Reisen -Santander - Picos de Europa

Freitag, 16. Mai 2008

Santander-Picos de Europa

Hier nachträglich was Näheres über den Flug nach Santander, Bilbao und die Picos de Europa (27. April - 4. Mai 2007), mein privates "Alles -ist -gut-Programm", also ein sehr angenehmes Verblödungsprogramm.

Den ersten Tag gab´s nicht bloß den Flug, sondern auch gleich noch einen wildromantischen Spaziergang an der Steilküste von Santander, halt am tobenden Element.
Den zweiten Tag habe ich uns (die Renate und mich) nach Bilbao gekarrt, weil da das Guggenheimmuseum steht und unbedingt von mir besichtigt werden mußte. Die Renate macht einfach alles mit, auch wenn das ganz und gar nicht ihre Welt ist. Meistens geht es ihr dabei aber gar nicht mal so schlecht, halt wundersam oder -lich? , aber immer irgendwie ganz anders als sonst. Und das ist auch schon was.
Mir persönlich ging der per Ausstellung gefeierte deutsche bildende Künstler namens Anselm Kiefer sowas von am Arsch vorbei...Halt das stimmt nicht: dieses prätentiöse - Entschuldigung! - Arschloch ist eines meiner Lieblingshaßobjekte, weil er ein Dieter Bohlen der Kunstszene ist, ein Kunst-Condottiere, der den Markt und seine Mechanismen für seine Unfähigkeit erfolgreich in Beschlag nimmt. Kommt sich aber keineswegs als Scharlatan vor, wenn er den Bäumen ganz im Ernst ein Weltwissen andichtet, sich die Gräslein und Zweiglein in geheimnisvoller Bziehung zum Sternenhimmel esoterisiert, oder sich eines Celangedichts versichert, um mit ihm eine griese Winterlandschaft gewaltigsten Ausmaßes zu assoziieren.
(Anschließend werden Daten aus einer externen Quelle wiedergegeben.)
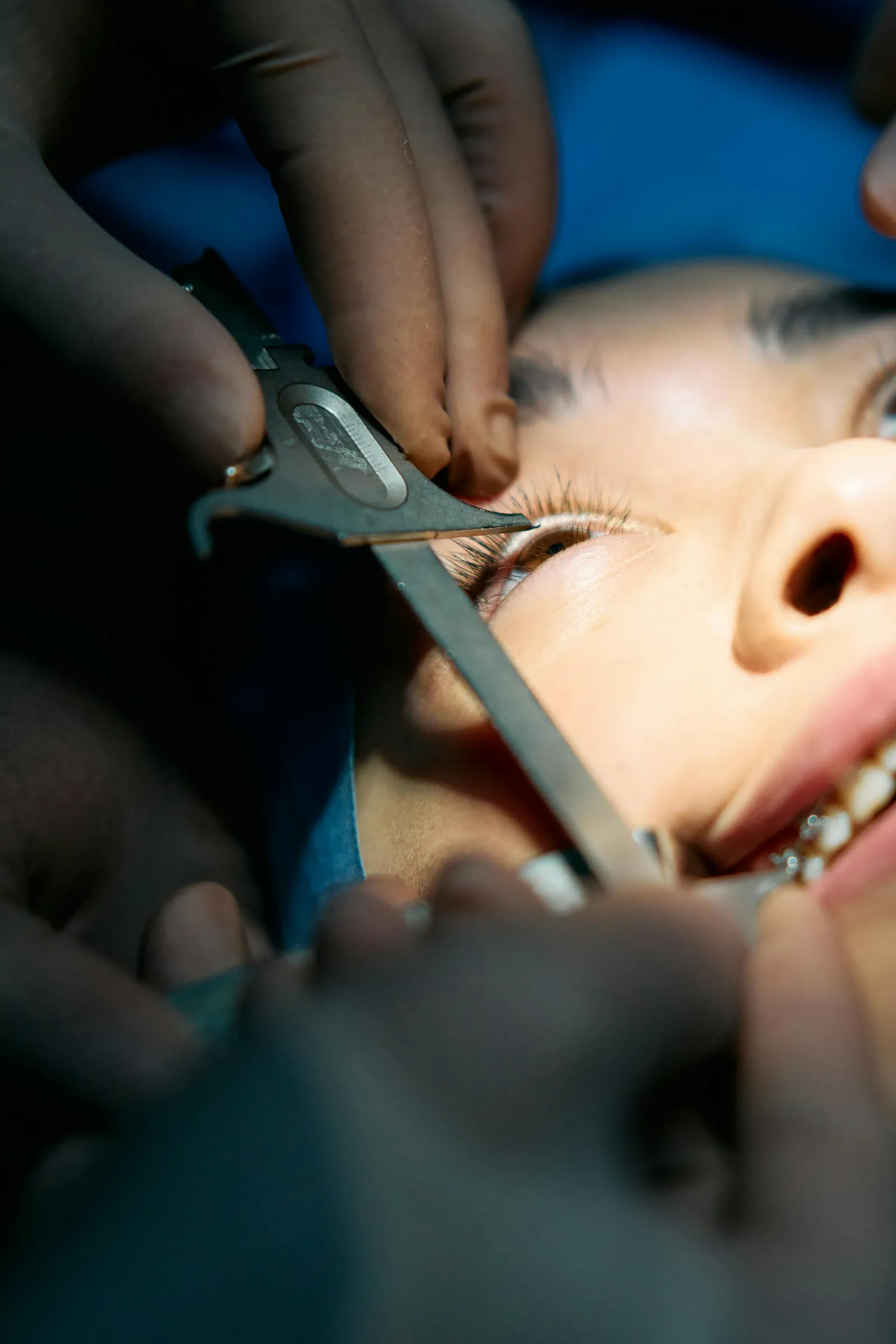 Vitrectomy surgery removing the vitreous gel to repair the retina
Sowas schmarotzt an der Bedeutsamkeit werkjenseitigen mythologischen Materials. Da sieht man dann die Dürftigkeit des Gebotenen mit ganz anderen Augen: elf Betten aus Blei machen sich gleich ganz anders, wenn die eine Wand des Raumes eine handschriftlich vom Künschtler hingekrakelte Titelei aufweist: "die Frauen der Revolution".
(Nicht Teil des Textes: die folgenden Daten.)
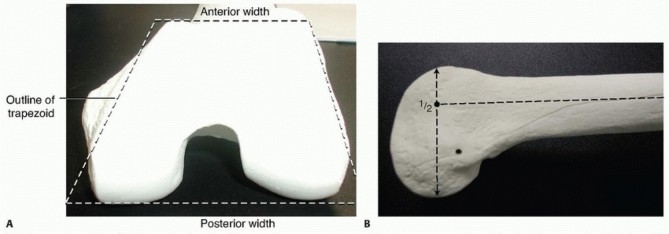 Repairing Distal Femur Fractures: Open Reduction & Internal Fixation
Das Gebäude selbst aber ist als begehbare Plastik eine architektonische Wucht. Sowas belebt mich, kratzt mich auf wie eine Flasche Champagner. Wollte, du könntest einfach auch mal solche unprogrammatischen Sachen vom Kaliber dieser ganz unverantwortlichen Unverantwortlichkeiten machen. Mir verhelfen solche Spinnereien jedenfalls zu ganz unvermuteten Erlebnissen. Bei der von mir allgemein in Rechnung gestellten Trivialität und aggressiven Blödheit des zu erleidenden Zeitgenossen, ist eine Art Architekten-Genie schon ein unvermuteter und auferbaulicher Anblick.
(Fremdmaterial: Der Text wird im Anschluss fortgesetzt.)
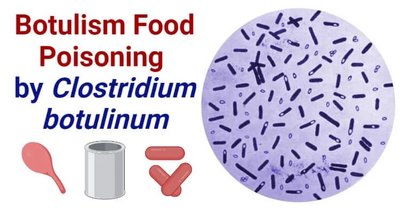 Clostridium botulinum (phage conversion example)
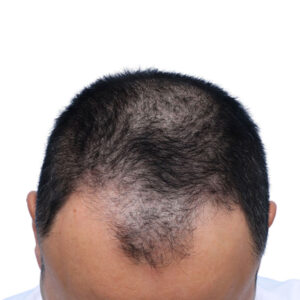 Fue Patient 262 Before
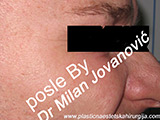 After Botox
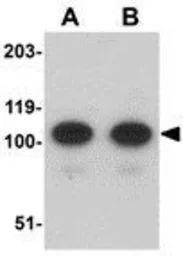 Anti-AFAP1L2 antibody used in Western Blot (WB). GTX17041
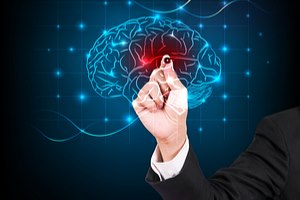 פרדקסה - תמונת המחשה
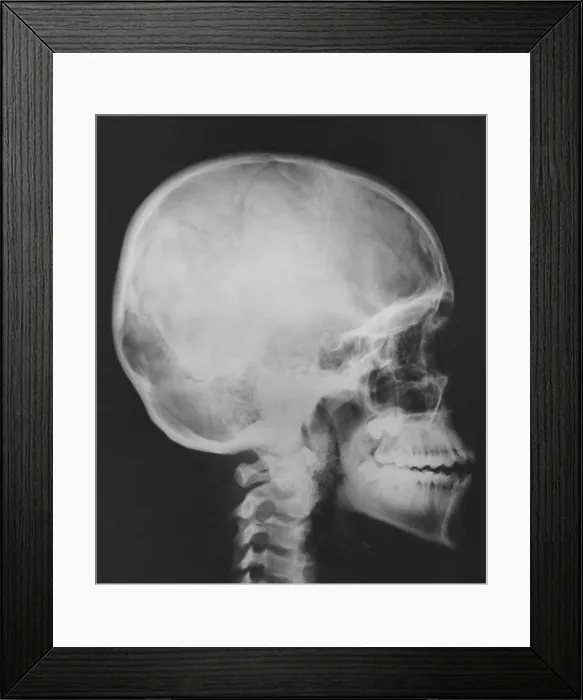 Framed Print : Skull. This X-Ray shows a normal human skull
Der Kalkriegel der Picos ist ein Naturerlebnis der eigenen Art. Das sind nicht bloß Kalkalpen, sondern welche mit Osterglockenteppich-Wiesen und Winterheide-Abhängen in Pink. (´Tschuldige den lyrischen Anfall.) Überhaupt ist die kleinräumige Abfolge von Lieblichem und Wildem in diesem Landschaftstyp - na was schon?- ein Augenöffner, Hingucker, aus der eigen versumpften Seele Aussteigenmacher. Wollte, du könntest ...Hab´ gut reden, ich mit meiner Fluchtphilosophie!
Sag´ ja bloß, was ein spanischer Dichter namens Quevedo mit seiner Kürzestfabel auch meinte, nämlich:
Die Mücke sagte zum Frosch:" Lieber im Wein sterben, als im Wasser leben zu müssen."
Sehr Substanzielles ist das ja nun auch wieder nicht. Aber unglücklich macht es mich auch nicht gerade.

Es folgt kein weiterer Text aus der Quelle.